The Credit Tool Everyone Forgets About
When working to build your credit, there are some well-known best practices and “standard operating procedures” that you have probably read about frequently: Get copies of your credit reports and review them for errors, work with debt collectors, pay down debt, check your credit score regularly for changes (which you can do for free using Credit.com’s Credit Report Card), and so on.
But there is one credit tool that many people forget about, maybe because it seems counter-intuitive when you first hear about it: a personal loan.
A personal loan can be a secured, or unsecured, loan borrowed from your bank, or other types of lenders. This kind of loan can be beneficial to your credit situation, which will ultimately lead to a higher credit score. Here are three ways that it can help your credit:
- Consolidation: A personal loan consolidates multiple debts into one debt, which may mean lower monthly payments and a reduced risk of multiple delinquencies appearing on your credit report. Although you should pay your bills each month, it’s far better to miss a month on one loan than to miss a month on several credit cards and other bills.
- Lower interest: Compared to a credit card, a personal loan can usually be borrowed at much lower interest – sometimes as little as a quarter of the interest that a credit card may charge! Therefore you’ll be able to put more money toward the principle amount rather than paying off high interest charges.
- Additional credit reported: Your credit report will benefit, as it shows your paid-off credit cards and your responsible and regular servicing of your one personal loan.
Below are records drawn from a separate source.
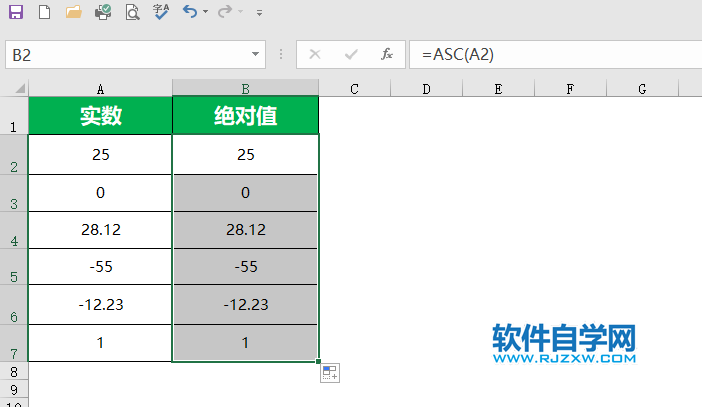 abs函數(shù)只能求實數(shù)絕對數(shù)值
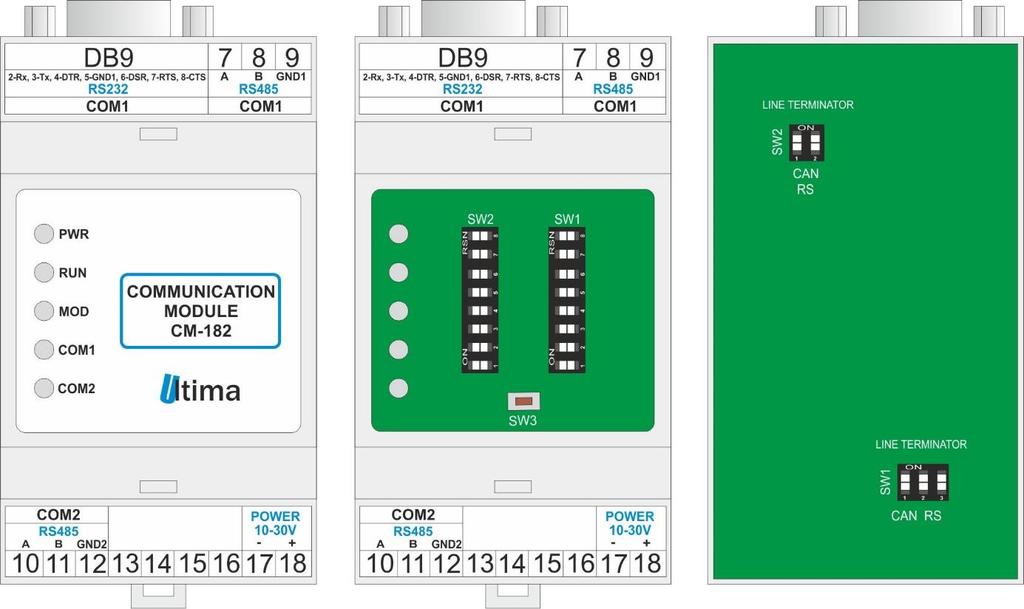 2.3. Opis złącz Złącza oraz przełączniki dip-switch modułu CM-182 pokazano na rysunku 2.3.1 a ich opis przedstawiono w tablicy 2.3.1. Opis pinów gniazda DB9 znajduje się w tablicy 2.3.2. Opis rezystorów terminujących znajduje się w tablicy 2.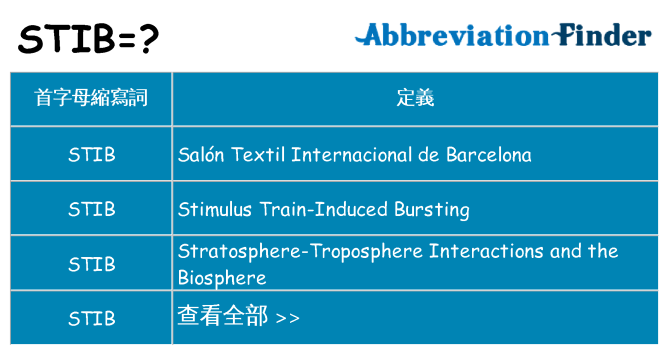stib 代表什麼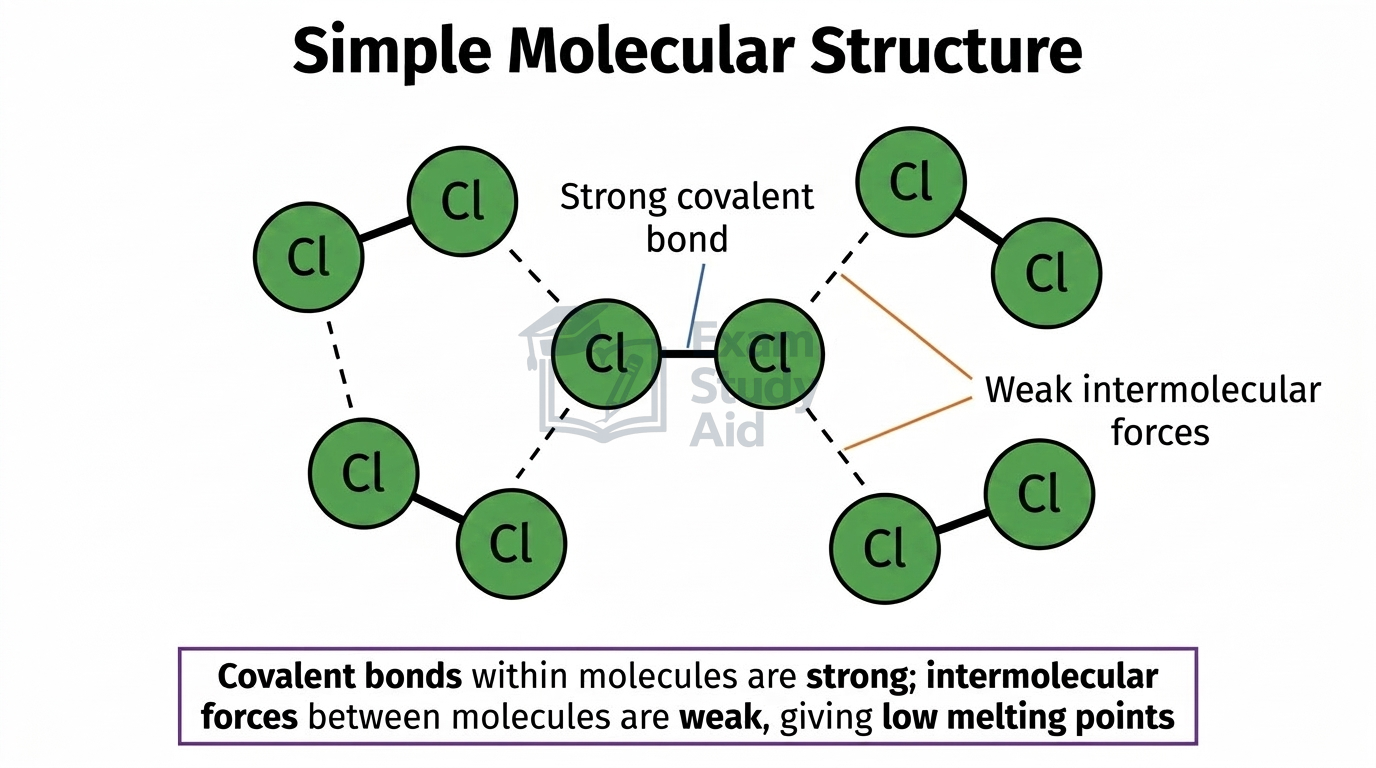 Simple molecular structure of chlorine molecules showing strong covalent bonds within molecules and weak intermolecular forces between them.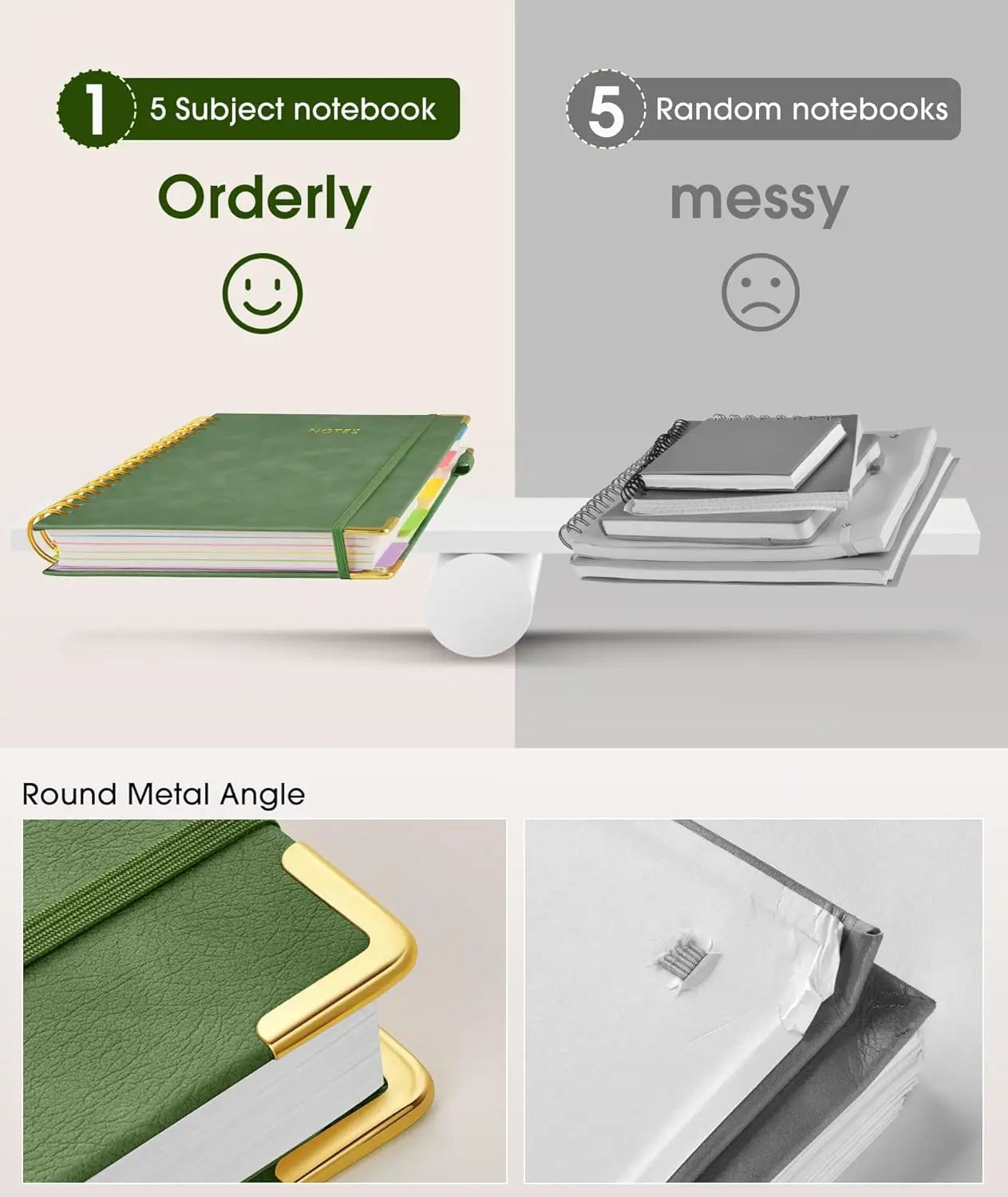 Leather Hardcover Spiral Notebook with Removable Dividers, 300 Pages B5 Size for Work and School Note-Taking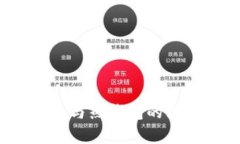 揭秘TP钱包：冷钱包与热钱包的深度解析与选择指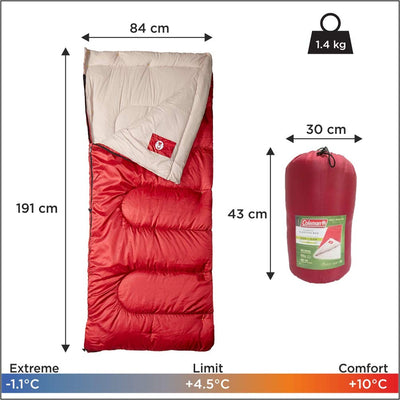 Roll over image to zoom in Coleman Palmetto, Cool Weather Sleeping Bag, Temp (-1.1 °C to 10 °C)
Personal loans are very powerful tools to help you build your credit, but they’re often overlooked because we don’t usually think of “borrowing” our way out of debt. Here are some tips to help you use a personal loan to positively influence your credit:
- Avoid the “new money” temptation of treating yourself to a new pair of shoes and an evening on the town. Think of this loan as a credit tool, not as a new spending opportunity.
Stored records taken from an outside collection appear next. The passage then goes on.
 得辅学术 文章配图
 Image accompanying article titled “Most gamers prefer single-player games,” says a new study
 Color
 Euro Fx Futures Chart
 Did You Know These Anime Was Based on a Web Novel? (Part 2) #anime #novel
- Consolidate as many of your outstanding debts as possible. Try to get as much debt as you can paid off by this one loan.
- If you have more debt than your loan will pay off, start with any debt that is with a debt collector, then pay off your highest interest debt (usually your credit cards), then pay off your lower interest debt.
- You should see your monthly payments reduced (because of the lower interest rate), but continue to pay as much as you can to pay down your loan.
Bonus tip: If your bank is reluctant to lend you money because of your debt-to-income ratio, and if you own your own home, a home equity loan could be an option for you. A home equity loan is borrowed against the equity in your house. You can often get more money at a lower interest rate (compared to a personal loan), making it an even better way to pay down your debt when you use it responsibly.